I came home from a long day at work to find that Bowie, my Capuchin monkey, had slung shit all over the walls. Like, all over. All I could manage was a “Dammit, Bowie” before he scurried to his perch on the armoire, giving me a shrug as if to say, “what did you expect, I’m a monkey.”
I loosened the knot on my tie, let out a sigh, and ushered Bowie, who was suddenly quite contrite, into the bathroom for a time-out while I set about de-feces-ing the walls of my humble abode. After going over every surface with Clorox Wipes (twice!) I opened the door to find Bowie thumbing through the pages of the most recent issue of Vanity Fair. (He can’t read, obvi, he’s a monkey, but he certainly has a sense of the sartorial!). Bowie, named for one of the most skilled mimes of the twentieth century–and a heckuva singer to boot–Mr. David Bowie, had been moody lately. I’d been working long hours, unable to provide the constant companionship and devil-may-care tomfoolery we’d experienced in our halcyon days together: Lobbing water balloons on unsuspecting people from the window, dancing to ABBA-Gold, or just poring over the Sunday Times (I like Arts & Leisure, he goes straight for the magazine!).
I lured him to me with a “Hey buddy, c’mere” and he scampered up on the sink. After cleaning him up, we dressed in our matching smoking jackets and retired to the living room. We stared at each other for a moment, and I gave Bowie a nod as if to say, “We’re cool now, buddy.”
Bowie ambled into the kitchen to fix a drink. He’d almost mastered a mojito and been close to perfecting the martini, but due to his short temper and willfulness, his experiments in mixology usually ended up on, you guessed it, the kitchen wall. Now, he generally stuck to making drinks with a single liquor and mixer, and by mixer I mean ice. Bowie served me my Scotch on the rocks, and then returned to the kitchen to make a nightcap for himself. I recalled the time he’d been chain-smoking and nearly set the apartment on fire after falling asleep with a lit cigarette. “Oh, Bowie” I chuckled to myself.

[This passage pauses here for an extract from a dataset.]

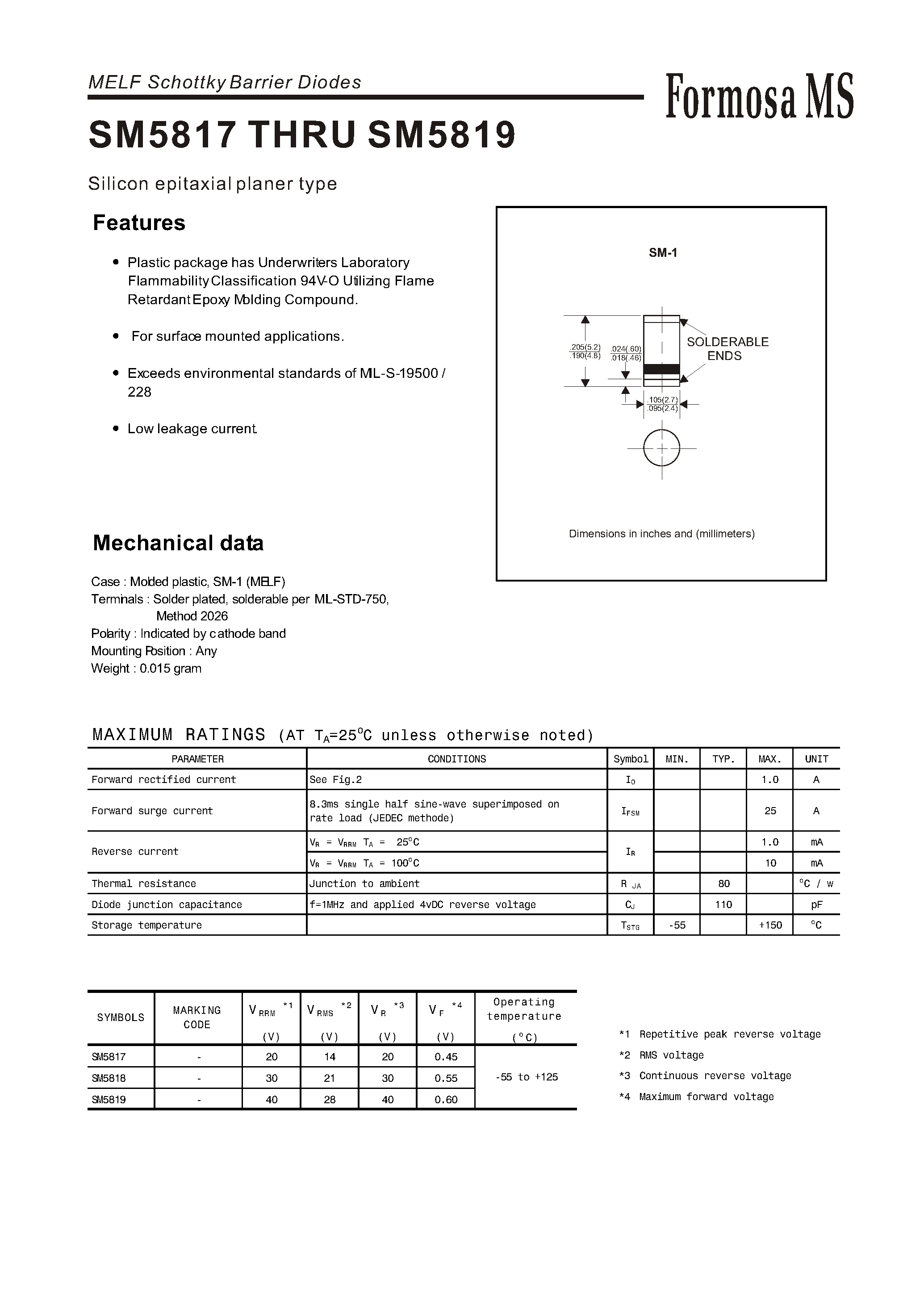 Datasheet SM5817 - Silicon epitaxial planer type page 1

Clutched in his monkey paws, Bowie held aloft his shot glass of whiskey to me and I clinked my rocks glass in toast. We drank in comfortable silence. Bowie went to the kitchen to fetch another round. I felt bad for neglecting him these past few months. Bowie was more than just a pet, he was a companion, and when I gazed into his eyes, I could swear I saw his tiny monkey soul. I saw the whole Lion King-circle of life-interdependency of the species-mother earth-thing right here in my living room.
Then, with my new understanding, we proceeded to get shit-faced and pass out on the couch.